Still, the poll suggests that the coming months present an opportunity for all of the candidates to connect with black voters, which are far from a monolithic group. The poll specifically cites Sens. Elizabeth Warren, Kamala Harris, and Cory Booker, all of whom round out the top five candidates in the poll, as candidates with increasing support from voters closely following the news.
What black voters want has been consistent in recent elections — but candidates haven’t always addressed those concerns
As noted, many of the findings of the new BlackPAC poll track with earlier polls the group has conducted of black voters. For example, a 2018 poll conducted before the midterm elections in several battleground states found that black voters were dealing with high levels of racial anxiety, were worried about racism and discrimination, and strongly disapproved of President Trump.
The latest poll suggests that the majority of these issues have not changed. But with the 2020 election coming up, the question now is whether political candidates are aware of this and are willing to speak to the issues highlighted by black voters.

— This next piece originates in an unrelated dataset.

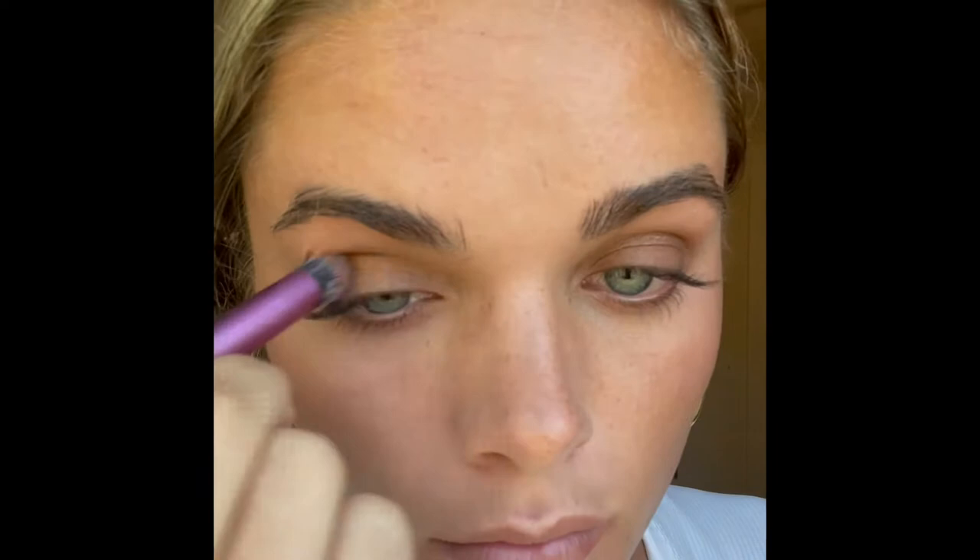After doing this, I now take a lighter color and put it in the corner of my eyes, and then I just kind of move it all around to just lighten things up and make it shine more.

The poll shows that perhaps the best way to engage these voters is to address the issues most pressing to them, which means not just speaking about racism and white supremacy, but also having proposals to address very real racial disparities in economic access, education, and health care.
This will be especially important in mobilizing groups of younger black voters, whom the BlackPAC poll finds are less likely to identify as staunch Democrats. Black pollsters see them as swing voters that must be persuaded to support a candidate.
While almost all of its survey is focused on the election, BlackPAC also notes that black civic engagement in 2020 isn’t just about voting; it includes participation in the 2020 Census, for example. The poll finds that young black voters and black immigrants in particular are less engaged on this kind of civic participation.
For many black voters, 2020 is more than an election, it’s an opportunity to increase black political power and influence. The Democratic candidates who recognize this, BlackPAC’s poll suggests, stand the best chance of making big gains among black voters in the future.